Gosh-e Fil is a pastry served in Afghanistan and Iran. In Afghanistan they serve this for Eid. The name means elephant ear, which is a description of the shape of the pastry. I imagine that the way you say this is “Gooshy feel” as there are all different spellings on the internet: Gosh-e feel, gowsh-e fil, gush-e fil, goshe fil, and gosh fil.
The recipe I find is in ounces and not in cups. So I decide to go out and buy a scale. I figure that as I go through different countries It will not be possible to find some recipes in US measurements, so another purchase. I need a job now and not a hobby.
I make the dough and it is really sticky, so I have to keep adding flour. I end up adding another 3/4 cup of flour to make this a dough. However I don’t mind. I’m feeling much more confident in dough, which I have always been scared of and I’m enjoying using Smurfette (my Kitchen Aid mixer).

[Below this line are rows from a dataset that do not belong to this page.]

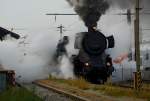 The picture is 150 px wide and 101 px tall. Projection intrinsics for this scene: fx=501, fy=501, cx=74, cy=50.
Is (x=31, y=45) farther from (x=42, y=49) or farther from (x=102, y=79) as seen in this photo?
(x=102, y=79)

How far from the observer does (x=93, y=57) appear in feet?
102

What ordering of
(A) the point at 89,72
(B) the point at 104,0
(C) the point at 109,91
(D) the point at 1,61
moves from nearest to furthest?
(C) the point at 109,91
(A) the point at 89,72
(B) the point at 104,0
(D) the point at 1,61

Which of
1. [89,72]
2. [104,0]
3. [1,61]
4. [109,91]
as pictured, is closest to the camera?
[109,91]

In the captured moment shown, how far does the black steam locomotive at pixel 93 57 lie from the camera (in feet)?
102

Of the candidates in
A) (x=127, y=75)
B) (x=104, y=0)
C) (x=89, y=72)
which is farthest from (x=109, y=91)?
(x=127, y=75)

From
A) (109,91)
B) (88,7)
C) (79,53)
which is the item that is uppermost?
(88,7)

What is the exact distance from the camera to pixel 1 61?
37.0 m

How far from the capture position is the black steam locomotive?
31.0 metres

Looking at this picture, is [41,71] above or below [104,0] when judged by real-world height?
below

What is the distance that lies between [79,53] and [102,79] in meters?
2.29

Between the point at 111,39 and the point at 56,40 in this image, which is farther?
the point at 56,40

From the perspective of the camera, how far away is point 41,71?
38.1 metres

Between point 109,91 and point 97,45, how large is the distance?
28.4 feet

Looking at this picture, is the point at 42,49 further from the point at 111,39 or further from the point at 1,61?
the point at 111,39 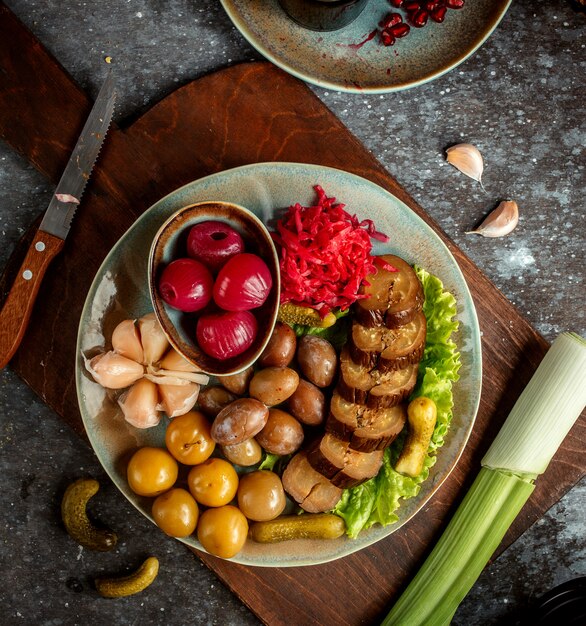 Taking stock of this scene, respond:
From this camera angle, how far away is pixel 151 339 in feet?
5.87

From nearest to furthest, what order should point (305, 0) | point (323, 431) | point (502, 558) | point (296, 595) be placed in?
point (305, 0) → point (323, 431) → point (296, 595) → point (502, 558)

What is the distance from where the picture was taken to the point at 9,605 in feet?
7.04

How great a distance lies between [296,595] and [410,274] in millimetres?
1120

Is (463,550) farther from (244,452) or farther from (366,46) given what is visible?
(366,46)

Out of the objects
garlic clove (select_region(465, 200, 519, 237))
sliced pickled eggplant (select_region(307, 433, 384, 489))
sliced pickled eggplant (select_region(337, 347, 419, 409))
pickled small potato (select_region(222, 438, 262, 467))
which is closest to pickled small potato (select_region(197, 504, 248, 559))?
pickled small potato (select_region(222, 438, 262, 467))

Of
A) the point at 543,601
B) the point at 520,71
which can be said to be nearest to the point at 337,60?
the point at 520,71

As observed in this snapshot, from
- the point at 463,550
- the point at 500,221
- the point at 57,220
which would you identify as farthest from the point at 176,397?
the point at 500,221

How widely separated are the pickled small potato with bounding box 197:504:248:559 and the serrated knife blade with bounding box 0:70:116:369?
2.64 feet

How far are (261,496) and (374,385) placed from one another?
473 millimetres

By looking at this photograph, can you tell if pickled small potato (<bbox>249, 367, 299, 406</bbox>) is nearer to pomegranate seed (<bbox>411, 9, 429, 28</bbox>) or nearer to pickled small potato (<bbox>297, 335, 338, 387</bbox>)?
pickled small potato (<bbox>297, 335, 338, 387</bbox>)

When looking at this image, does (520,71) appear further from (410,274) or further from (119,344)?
(119,344)

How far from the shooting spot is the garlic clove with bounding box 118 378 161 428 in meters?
1.80

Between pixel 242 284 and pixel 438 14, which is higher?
pixel 438 14

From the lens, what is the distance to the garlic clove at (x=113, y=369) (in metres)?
1.78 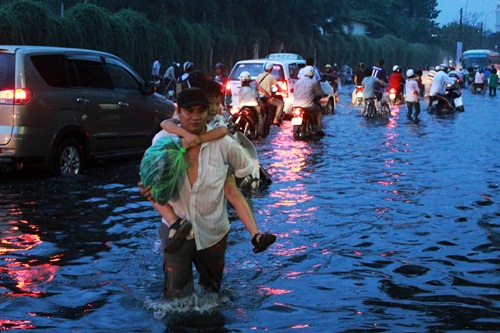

The recipe says to roll out the dough but I found other recipes that suggest to go through the pasta roller. Liking the opportunity to use my new tools and so I felt I got my money’s worth, I opt for using my pasta rollers. I wasn’t sure the thickness of the roller, so I do a few tests frying different size dough’s and settle that the 3 setting is best. I finish rolling, shaping and flying. They do look like elephant ears.
After frying them you are to dust them with powder sugar, pistachios, and cardamom. I mixed the 3 ingredients together thinking this was like a malasada (A Philippino doughnut) where you roll the cookie in the topping, but it is just supposed to be sprinkled on to on one side. Also it would be prettier if they are done separate. Oh well, I’m the only one who is going to see it and it is just going in my belly.
I don’t really like sweets and so I don’t think you will see a lot of deserts on this blog, but I really enjoyed these. They are subtly sweet, which mainly comes from the powder sugar as there is only a teaspoon of sugar in the dough. The cardamom is a strong flavor and if you don’t like cardamom you can just skip it, but I am a fan of it and I think it makes the cookie unique. The dough reminds me of funnel cake and is best served quickly after frying. I think it would pair perfectly with tea.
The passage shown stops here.